Contar con un Poder Judicial autónomo es indispensable para combatir la impunidad que lleva implícita la corrupción. Pero como la autonomía molesta al gobierno, la respuesta es el ataque cotidiano contra jueces, magistrados y ministros. Porque actuar en apego a la ley, a veces implica emitir sentencias que no gustan a muchos, máxime si están acostumbrados a hacer lo que su voluntad dicte o tener en la procuración de justicia, la fuerza del estado para doblar a los no sometidos, cobrar antiguos agravios y venganzas personales o de plano encarcelar, amordazar y hacer capitular al oponente. Estas amenazas se hacen con el ánimo de limitar la autonomía de los juzgadores para que sus resoluciones no exhiban la impericia o el uso faccioso de la fuerza del estado cuando así les conviene.

Nuestra vida democrática en lugar de consolidarse va dando tumbos, está sometida a tremendas presiones por quien mediante el poder engaña y miente. Pero hemos visto como la dimensión de lo ciudadano empieza a despertar y tomar forma. Ya no será tan fácil que se cumpla cualquier despropósito de este y de otros gobiernos. Erróneamente se subestimó la dimensión de la clase media como sector fundamental de cualquier sociedad, es ella la que inicia el cambio o mantiene un régimen. Ya no son súbditos.
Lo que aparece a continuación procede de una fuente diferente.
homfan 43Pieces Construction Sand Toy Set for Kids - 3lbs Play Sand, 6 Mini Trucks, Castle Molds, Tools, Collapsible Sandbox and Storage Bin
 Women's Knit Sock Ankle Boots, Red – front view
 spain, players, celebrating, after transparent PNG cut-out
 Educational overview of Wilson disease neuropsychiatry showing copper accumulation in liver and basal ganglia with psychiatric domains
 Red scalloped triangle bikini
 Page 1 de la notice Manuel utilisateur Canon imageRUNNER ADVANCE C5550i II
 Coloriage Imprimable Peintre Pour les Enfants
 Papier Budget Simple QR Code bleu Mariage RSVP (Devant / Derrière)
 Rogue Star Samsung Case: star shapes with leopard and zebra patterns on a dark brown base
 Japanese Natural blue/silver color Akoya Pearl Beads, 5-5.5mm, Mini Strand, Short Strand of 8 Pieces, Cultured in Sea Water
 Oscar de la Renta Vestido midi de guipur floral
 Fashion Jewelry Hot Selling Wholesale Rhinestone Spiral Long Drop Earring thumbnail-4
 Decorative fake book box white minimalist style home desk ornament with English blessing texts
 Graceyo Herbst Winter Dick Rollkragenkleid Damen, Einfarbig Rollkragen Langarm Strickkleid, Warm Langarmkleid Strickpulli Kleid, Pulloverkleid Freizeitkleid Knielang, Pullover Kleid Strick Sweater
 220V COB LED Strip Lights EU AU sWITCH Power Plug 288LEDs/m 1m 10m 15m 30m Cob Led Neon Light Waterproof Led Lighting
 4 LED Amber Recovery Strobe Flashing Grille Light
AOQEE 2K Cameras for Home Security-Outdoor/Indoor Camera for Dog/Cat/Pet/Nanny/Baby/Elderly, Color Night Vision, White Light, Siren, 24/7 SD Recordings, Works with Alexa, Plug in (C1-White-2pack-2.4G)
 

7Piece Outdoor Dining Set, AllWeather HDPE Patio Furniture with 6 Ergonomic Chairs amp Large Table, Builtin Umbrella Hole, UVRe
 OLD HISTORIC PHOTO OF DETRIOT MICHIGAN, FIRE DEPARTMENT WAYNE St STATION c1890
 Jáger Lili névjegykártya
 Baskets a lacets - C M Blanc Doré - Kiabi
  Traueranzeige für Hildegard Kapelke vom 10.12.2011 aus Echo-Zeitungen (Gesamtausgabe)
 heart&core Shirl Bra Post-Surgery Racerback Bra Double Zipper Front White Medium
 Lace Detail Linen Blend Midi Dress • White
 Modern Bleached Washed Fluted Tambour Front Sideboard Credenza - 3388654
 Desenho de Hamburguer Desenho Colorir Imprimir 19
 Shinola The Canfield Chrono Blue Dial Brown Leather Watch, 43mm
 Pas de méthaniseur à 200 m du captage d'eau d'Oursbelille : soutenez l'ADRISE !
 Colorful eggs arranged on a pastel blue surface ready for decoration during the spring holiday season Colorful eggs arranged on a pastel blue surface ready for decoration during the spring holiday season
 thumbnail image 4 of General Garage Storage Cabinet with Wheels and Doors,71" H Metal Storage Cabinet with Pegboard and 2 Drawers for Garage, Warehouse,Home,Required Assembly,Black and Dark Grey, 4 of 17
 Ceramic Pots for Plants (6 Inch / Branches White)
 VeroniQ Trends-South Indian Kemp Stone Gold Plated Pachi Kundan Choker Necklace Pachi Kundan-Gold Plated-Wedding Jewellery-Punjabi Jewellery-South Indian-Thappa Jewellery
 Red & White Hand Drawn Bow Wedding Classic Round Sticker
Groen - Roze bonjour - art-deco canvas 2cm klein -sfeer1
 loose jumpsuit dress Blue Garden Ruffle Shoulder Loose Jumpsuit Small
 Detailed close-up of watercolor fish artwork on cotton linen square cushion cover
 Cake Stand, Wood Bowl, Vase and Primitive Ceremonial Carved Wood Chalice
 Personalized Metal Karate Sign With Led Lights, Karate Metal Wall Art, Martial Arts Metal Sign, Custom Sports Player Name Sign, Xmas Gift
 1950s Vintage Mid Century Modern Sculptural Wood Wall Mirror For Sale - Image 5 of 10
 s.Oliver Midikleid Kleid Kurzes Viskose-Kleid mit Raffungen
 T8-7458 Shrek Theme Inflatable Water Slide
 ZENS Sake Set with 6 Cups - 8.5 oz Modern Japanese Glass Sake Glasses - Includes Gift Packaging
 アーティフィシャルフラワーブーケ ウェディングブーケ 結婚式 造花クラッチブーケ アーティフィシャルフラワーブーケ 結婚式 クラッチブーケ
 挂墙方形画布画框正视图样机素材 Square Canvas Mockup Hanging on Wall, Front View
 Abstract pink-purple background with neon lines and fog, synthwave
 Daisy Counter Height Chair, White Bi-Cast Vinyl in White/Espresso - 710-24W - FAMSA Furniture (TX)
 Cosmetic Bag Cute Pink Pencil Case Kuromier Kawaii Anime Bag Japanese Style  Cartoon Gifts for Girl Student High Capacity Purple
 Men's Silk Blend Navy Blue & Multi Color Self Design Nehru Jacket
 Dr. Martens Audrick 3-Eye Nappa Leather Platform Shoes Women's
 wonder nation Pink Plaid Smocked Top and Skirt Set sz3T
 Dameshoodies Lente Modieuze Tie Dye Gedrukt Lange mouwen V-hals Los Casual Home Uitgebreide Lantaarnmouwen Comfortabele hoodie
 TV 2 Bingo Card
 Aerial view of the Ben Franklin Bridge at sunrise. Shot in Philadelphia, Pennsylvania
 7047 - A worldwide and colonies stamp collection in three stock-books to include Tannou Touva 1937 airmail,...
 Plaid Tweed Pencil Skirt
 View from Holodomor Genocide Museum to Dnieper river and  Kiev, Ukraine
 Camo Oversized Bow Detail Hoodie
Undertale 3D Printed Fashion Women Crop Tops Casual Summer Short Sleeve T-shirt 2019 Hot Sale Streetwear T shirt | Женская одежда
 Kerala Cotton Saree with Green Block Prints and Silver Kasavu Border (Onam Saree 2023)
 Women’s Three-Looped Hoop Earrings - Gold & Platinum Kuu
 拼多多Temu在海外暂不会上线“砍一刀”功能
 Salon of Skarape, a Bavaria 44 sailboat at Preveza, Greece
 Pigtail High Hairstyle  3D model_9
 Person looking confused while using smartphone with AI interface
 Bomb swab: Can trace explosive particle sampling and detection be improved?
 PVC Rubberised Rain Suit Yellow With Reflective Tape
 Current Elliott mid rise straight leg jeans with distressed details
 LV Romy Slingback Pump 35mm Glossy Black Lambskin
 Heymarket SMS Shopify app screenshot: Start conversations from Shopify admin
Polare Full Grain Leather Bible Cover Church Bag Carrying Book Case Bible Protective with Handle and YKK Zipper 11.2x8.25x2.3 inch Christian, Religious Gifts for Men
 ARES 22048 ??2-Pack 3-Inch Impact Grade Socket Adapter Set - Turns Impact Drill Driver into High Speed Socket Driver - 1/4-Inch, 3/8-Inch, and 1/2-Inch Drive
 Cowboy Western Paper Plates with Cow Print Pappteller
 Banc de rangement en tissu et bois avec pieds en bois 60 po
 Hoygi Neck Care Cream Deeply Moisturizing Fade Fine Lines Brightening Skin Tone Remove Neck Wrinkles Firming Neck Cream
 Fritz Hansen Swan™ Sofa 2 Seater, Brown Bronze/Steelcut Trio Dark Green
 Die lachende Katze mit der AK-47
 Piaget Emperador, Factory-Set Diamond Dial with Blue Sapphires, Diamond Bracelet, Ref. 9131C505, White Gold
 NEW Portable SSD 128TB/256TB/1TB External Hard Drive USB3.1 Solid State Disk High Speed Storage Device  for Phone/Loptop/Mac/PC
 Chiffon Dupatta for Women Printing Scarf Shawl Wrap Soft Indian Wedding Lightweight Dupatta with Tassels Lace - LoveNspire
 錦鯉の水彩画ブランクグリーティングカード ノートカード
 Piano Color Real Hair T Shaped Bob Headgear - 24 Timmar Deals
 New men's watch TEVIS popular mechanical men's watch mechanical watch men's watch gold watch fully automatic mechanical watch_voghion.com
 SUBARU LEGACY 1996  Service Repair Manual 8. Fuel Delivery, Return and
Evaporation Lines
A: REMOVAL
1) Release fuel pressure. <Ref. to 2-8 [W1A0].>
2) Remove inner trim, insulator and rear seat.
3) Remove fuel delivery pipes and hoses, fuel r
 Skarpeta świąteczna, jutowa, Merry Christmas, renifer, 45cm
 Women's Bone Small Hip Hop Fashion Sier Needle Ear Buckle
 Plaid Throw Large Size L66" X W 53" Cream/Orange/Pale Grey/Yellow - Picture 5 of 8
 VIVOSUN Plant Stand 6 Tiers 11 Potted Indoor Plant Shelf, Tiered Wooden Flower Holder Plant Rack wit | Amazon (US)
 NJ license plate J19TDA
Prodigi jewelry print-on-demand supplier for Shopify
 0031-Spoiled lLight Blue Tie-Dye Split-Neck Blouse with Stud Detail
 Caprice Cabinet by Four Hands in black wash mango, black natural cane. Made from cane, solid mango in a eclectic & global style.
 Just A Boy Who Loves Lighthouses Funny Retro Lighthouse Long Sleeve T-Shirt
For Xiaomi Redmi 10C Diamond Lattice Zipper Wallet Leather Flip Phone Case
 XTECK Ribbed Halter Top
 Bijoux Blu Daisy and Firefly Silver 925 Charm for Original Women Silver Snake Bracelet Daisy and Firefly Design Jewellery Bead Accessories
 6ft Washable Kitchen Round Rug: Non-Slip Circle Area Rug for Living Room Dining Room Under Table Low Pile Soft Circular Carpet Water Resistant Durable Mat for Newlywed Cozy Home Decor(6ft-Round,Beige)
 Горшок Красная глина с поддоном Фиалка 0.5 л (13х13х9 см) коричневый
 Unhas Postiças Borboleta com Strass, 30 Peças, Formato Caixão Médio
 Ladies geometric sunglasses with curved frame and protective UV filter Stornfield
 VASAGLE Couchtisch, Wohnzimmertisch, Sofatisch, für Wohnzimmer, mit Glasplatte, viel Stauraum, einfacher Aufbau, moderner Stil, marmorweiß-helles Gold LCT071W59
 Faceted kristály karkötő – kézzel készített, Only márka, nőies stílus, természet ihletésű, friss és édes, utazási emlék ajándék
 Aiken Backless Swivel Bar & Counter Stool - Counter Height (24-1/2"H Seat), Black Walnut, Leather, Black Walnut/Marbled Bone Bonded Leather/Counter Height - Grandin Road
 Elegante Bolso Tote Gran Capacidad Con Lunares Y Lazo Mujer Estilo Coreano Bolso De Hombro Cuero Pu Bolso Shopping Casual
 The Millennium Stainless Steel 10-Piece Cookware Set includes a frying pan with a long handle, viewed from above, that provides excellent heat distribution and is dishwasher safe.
Seguramente este despertar ciudadano obligará a los partidos políticos de oposición a contrarrestar el anti-partidismo que se ganaron a pulso, por el inmenso cinismo de sus dirigencias de ayer y de hoy. Esperemos que se porten a la altura y puedan cambiar sus intereses inmediatos por el interés de la Nación que demanda contrapesos. Dejar todo en los hombros de la Suprema Corte, no alcanzará para salvar la democracia, por ello, con la fuerza de la gente, se debe imponer la fuerza de la verdad. Ha sido mucha mentira. ¡Ya basta!